Your goal: Take from the entries below the stretch from the line with "長(zhǎng)春圣華抗衰老" through the line with "병리학 · Section", and return it exactly, leaving the pictures out.
START The input
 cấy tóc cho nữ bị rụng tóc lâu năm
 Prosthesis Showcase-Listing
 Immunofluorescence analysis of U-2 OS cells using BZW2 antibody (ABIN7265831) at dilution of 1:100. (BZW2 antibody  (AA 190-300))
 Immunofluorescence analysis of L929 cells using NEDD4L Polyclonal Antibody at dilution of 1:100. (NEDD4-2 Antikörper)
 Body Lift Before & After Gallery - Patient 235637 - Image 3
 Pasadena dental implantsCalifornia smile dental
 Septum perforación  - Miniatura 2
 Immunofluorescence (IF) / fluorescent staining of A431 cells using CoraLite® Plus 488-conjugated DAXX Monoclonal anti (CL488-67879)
END The input
START The input
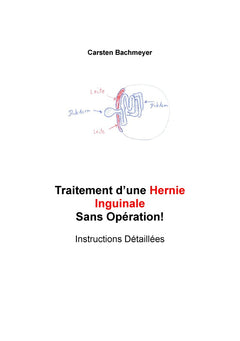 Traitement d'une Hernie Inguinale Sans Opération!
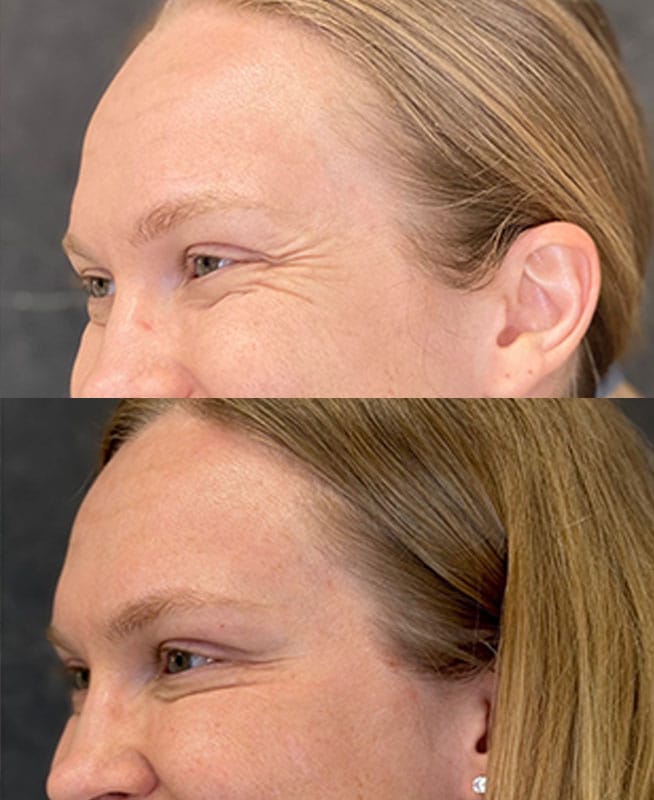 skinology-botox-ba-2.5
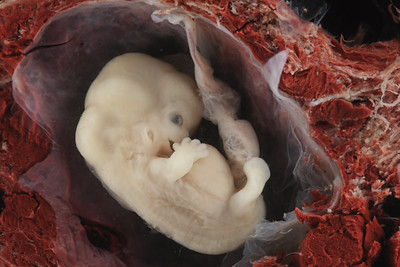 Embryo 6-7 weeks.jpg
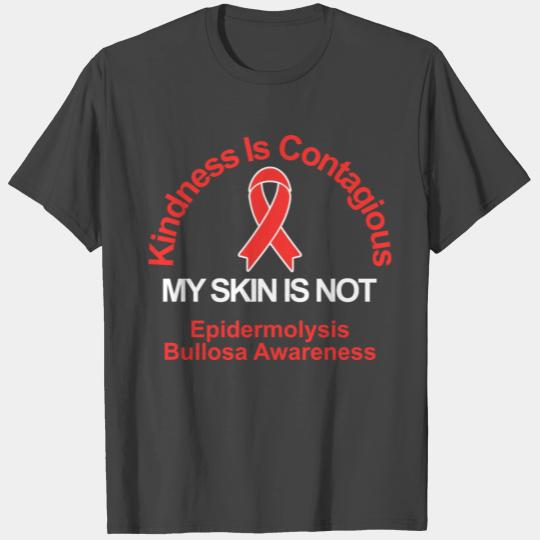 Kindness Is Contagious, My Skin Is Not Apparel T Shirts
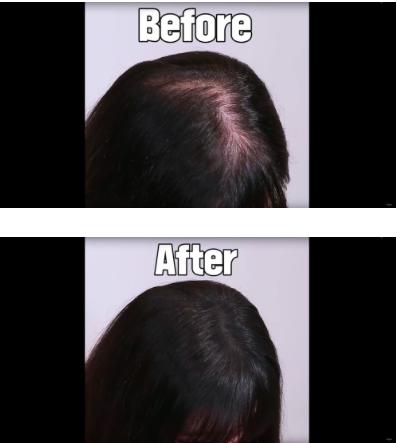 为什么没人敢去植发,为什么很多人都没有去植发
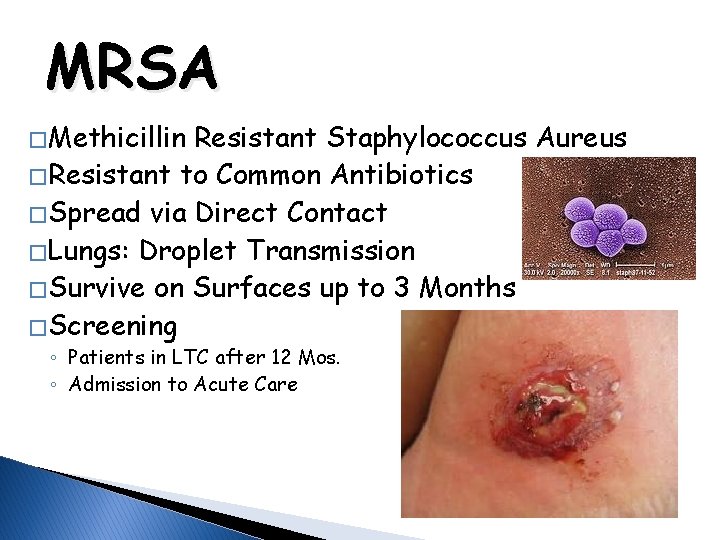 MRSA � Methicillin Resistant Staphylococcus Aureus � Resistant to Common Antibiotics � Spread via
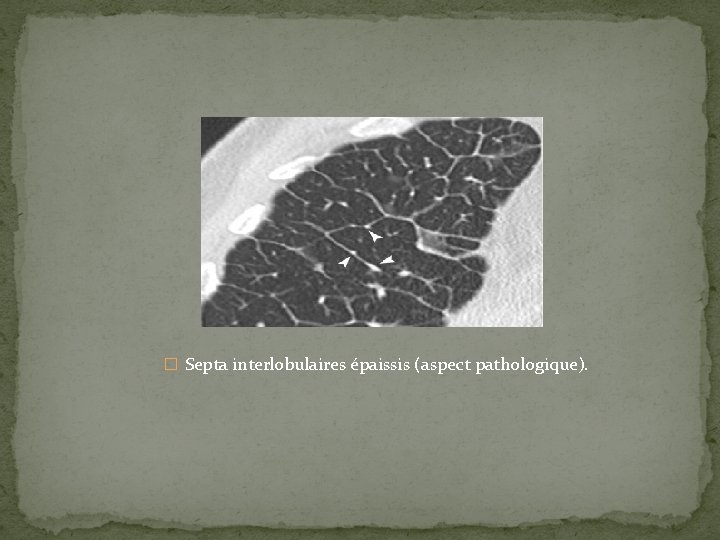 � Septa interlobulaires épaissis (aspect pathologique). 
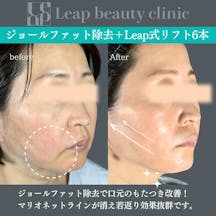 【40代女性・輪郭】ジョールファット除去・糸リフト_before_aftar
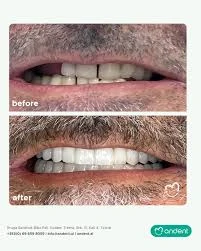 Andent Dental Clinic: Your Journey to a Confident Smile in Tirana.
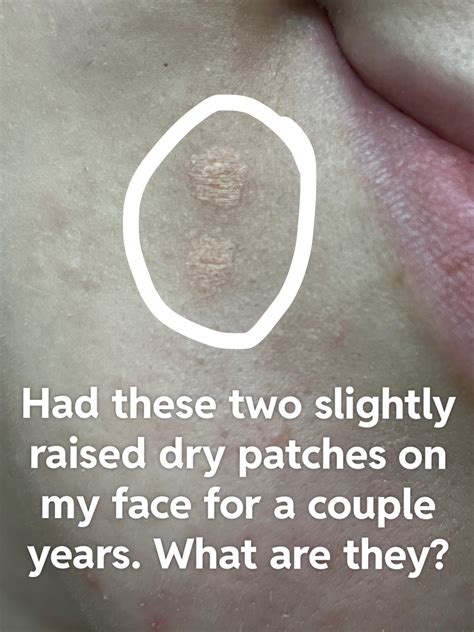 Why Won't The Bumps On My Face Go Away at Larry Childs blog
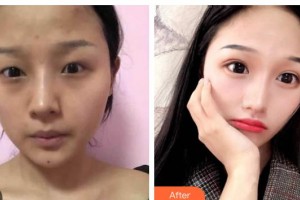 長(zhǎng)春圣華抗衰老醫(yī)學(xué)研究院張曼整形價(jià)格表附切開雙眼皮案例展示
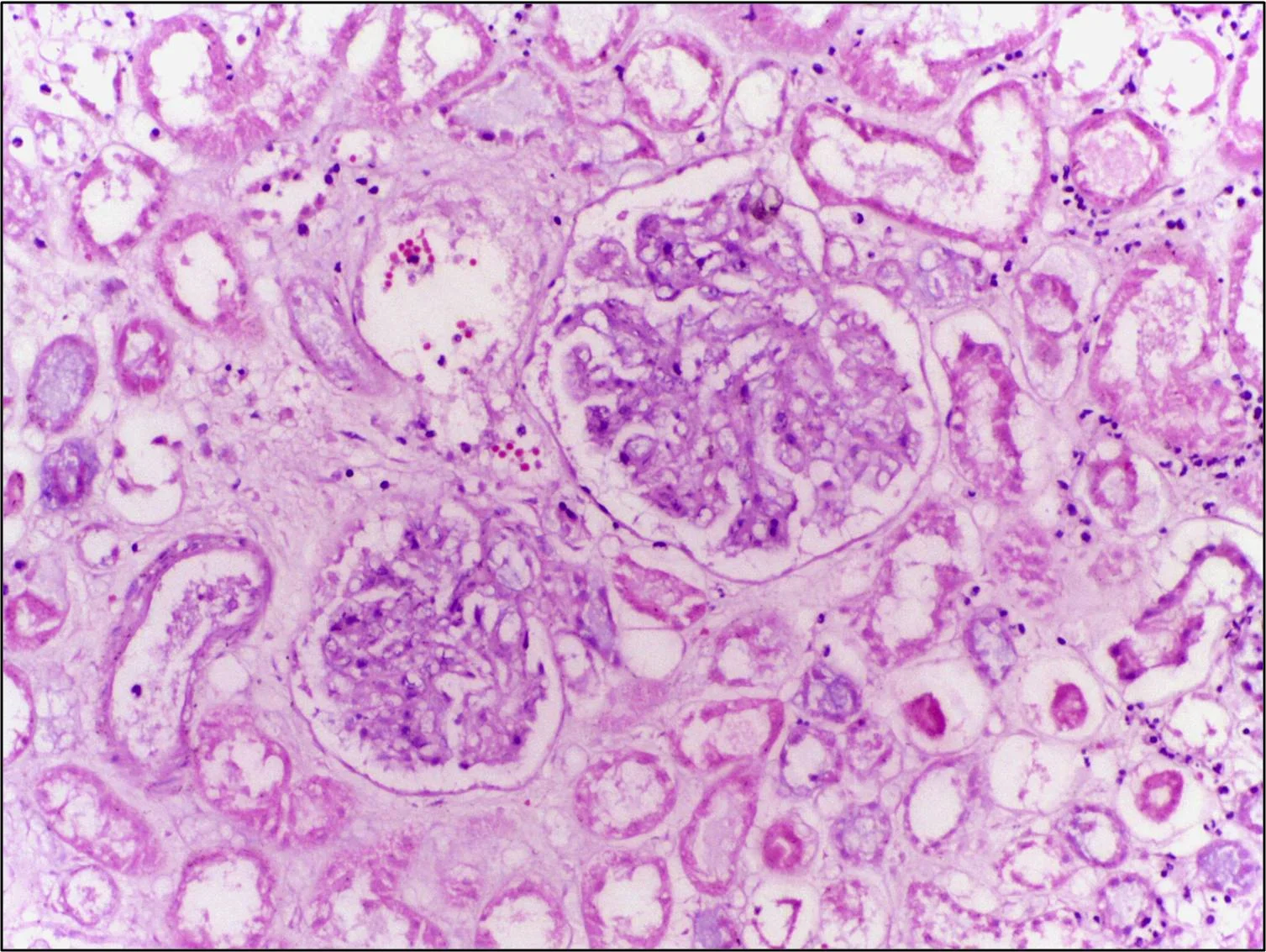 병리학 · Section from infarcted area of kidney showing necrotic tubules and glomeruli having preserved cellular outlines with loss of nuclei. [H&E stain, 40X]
END The input
Reply:
 長(zhǎng)春圣華抗衰老醫(yī)學(xué)研究院張曼整形價(jià)格表附切開雙眼皮案例展示
 병리학 · Section from infarcted area of kidney showing necrotic tubules and glomeruli having preserved cellular outlines with loss of nuclei. [H&E stain, 40X]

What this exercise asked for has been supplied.